Sept. 11 was also the woman's first day working at the Red Cross.
By DENISE DICK
VINDICATOR TRUMBULL STAFF
WARREN -- A Howland woman calls working with victims of the New York City terrorist attacks one of her most memorable experiences.
Christinia Paul, 20, spent three weeks working with the American Red Cross' outreach program. She returned Feb. 13.
"It's definitely something I will never forget," Paul said.
She went door-to-door in the area surrounding the World Trade Center site to see if residents' needs were being met.
Paul and roughly 300 other volunteers determined if residents' were eligible for the Liberty Fund, which was established for Sept. 11 victims.
Help offered: For people who lost friends, family or a job, The Red Cross provides financial help for rent or transportation. The volunteers also refer victims to counseling through the Red Cross's mental health personnel.
Paul visited four clients during each daily 10-hour shift.
"We'd go in and they would just start telling stories," she said. "For some, that's their comfort. They just want someone to talk to."
One man who lives near the site told Paul how he was coping with the tragedy.

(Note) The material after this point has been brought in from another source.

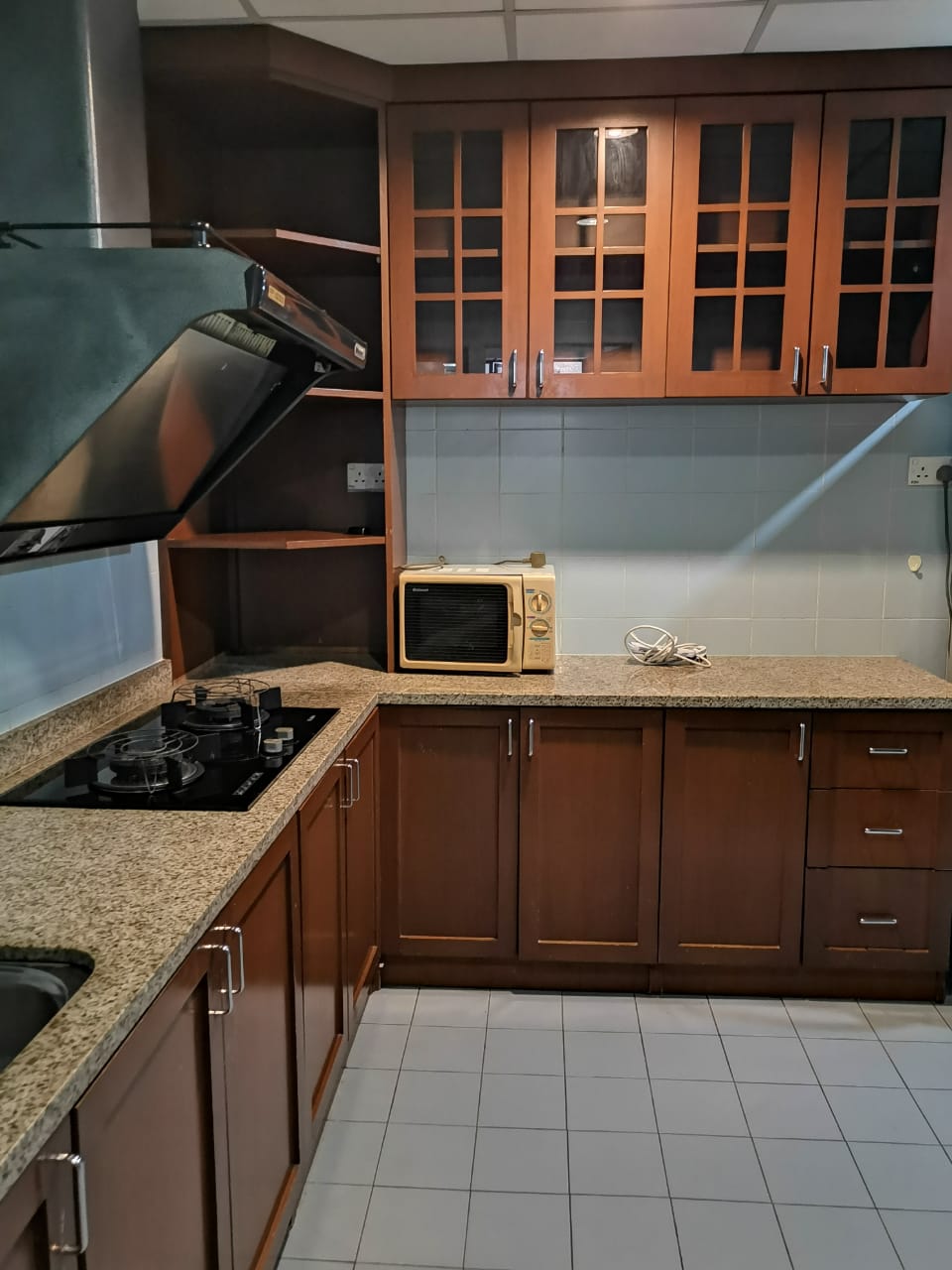 Peak Condominium Seaview For Rent - photo 6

"He could see the towers from his apartment," she said. "He's lived there for 30 years and one day the towers were there and the next day they weren't."
Constant reminders: Most of the people with whom she spoke are moving on with their lives bit by bit, but the constant reminders, like the excavation machines that run nonstop at the site, make it difficult.
"Here in Ohio we've moved on with our lives," she said, "but there, there are the daily reminders. There are memorials everywhere."
Paul's first day as emergency services specialist for the agency's Trumbull County chapter was Sept. 11. "Things were pretty hectic here," she said.
She saw the preparations for the first Trumbull County volunteers to go to New York shortly after the attacks.
"That's another reason I wanted to go out there and do my part," Paul said. "It's something I'll remember for the rest of my life."
She was surprised by the level of cooperation of all of the people who volunteered.
"This obviously was my first national assignment," Paul said. "It amazed me how there were so many people from across the United States and how well we worked together. It was just wonderful."
She returned from each day's work physically and emotionally drained, using the off time to decompress and reflect.
"But it makes you feel so good about yourself to be able to help people in need," she said. "I guess that's what the Red Cross is all about."